The point I am trying to make is that Christmas can make us behave differently. While it would have been usual for me to walk home alone, and then retreat to my bedroom with the book (an ever present companion) on this occasion we compiled ourselves in the lounge of our house – together – and indulged in an evening of time spent together. Similarly it would be unusual for a group of middle-aged professionals to greet a teen and young adult on the street.

My job as a writer is to provide a commentary, or a critique on life – or at least that’s how I see it. I look around me and absorb the details of the world, then I embellish them through my choice of vocabulary and present them to others who have perhaps not been so observant, or who simply want to hear another point of view. While my commentaries on this often grim world are ordinarily just that – grim – my opinion of Christmas is that despite its faults and the consequences of it (debt, family feuds, overeating etc.) it can bring out the best in people.

After New Year the old manner of things will no doubt return, people will revert to their old ways of refusing to associate with those outside of their group, and hiding away from their families… but for these few days at least, values of friendship, family, and humanity in general have been resolved.

Merry Christmas, Hysteric x

An inevitable approach

So here it is… merry (or not so merry) Christmas. But regardless of how we fell it comes along nonetheless. In a couple of days hyperactive children will be waking their parents before the daylight even has chance to creep above the horizon. Their parents will fake shock and glee as their kids wave presents from ‘Santa’ that the sneaky adults have shoved into their stockings only a few hours before. Later some will attend cheery church services where a bunch of people will gather together to chatter, sing and watch the littles showing off their new toys. Others will have a lie in (these are probably the lucky ones) and lazily spend their days unwrapping presents and stuffing their faces with turkey.
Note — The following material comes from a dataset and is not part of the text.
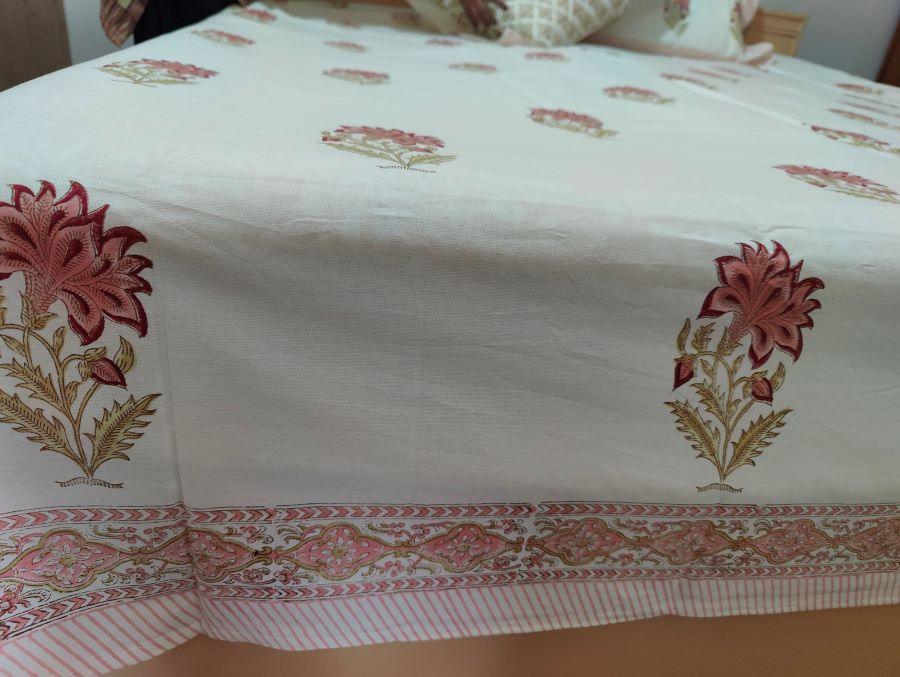 RED PINK FLOWER BUNCH BED SHEET - Weave Sutra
Some people aren’t so happy about the approach of Christmas. Maybe they lost a loved one and will spend their day wishing they could still spend it with that special someone. Or I guess there are those who never really had a special someone and will just embrace the loneliness that encompasses them as others rest in the arms and smiles of family and friends. Perhaps there is no particular reason for a dislike of Christmas… sometimes the corny overstated music, indulgence of junk food and unrealistic films is enough to bring dread knocking at your door.

But either way, here it comes…

So wherever you are.. whatever your’e doing… I hope this Christmas is as bearable as it can be for you. And at the very least – it’s a good excuse for binge eating!

x

A new normal

Yesterday I read in ‘A Vindication Of the Rights of Woman’ that we ‘do today what we did yesterday, merely because we did it yesterday’. I think this is largely the problem with normality and routine, we grow accustomed to doing tasks and seeing people simply because it is ordinary and happens regularly. But what we do not realise is that just because it is normal doesn’t mean it is the only way we can live.

When everything is stripped away and we have no choice but to live without this normality we are faced with a dilemma – give up or find a new way of living. It is only in this situation that we question the way we used to live and build new routines and find new skills which we would perhaps not have considered before.

Despite my big words and desperation to continue fighting to create this new life for myself I am struggling not to give up… hence the lack of posts recently. For me, crawling out of my bed and facing a new day is the most difficult and terrifying thing that I have to do. But I have begun to consider today whether the way I was living was the best way of doing so…

I was reliant on people far too much, which meant that when they left I was stranded in what I thought was a hopeless place. I miss the glimmers of future hope in the impending start of lectures, new friends and dancing opportunities that wait for me all around, hidden by the mist of my despair. So again, I get up, drag myself into the real world and fight on. It is difficult, but I would encourage you all to do the same, because what is the point in doing what we did yesterday, just because it happened yesterday?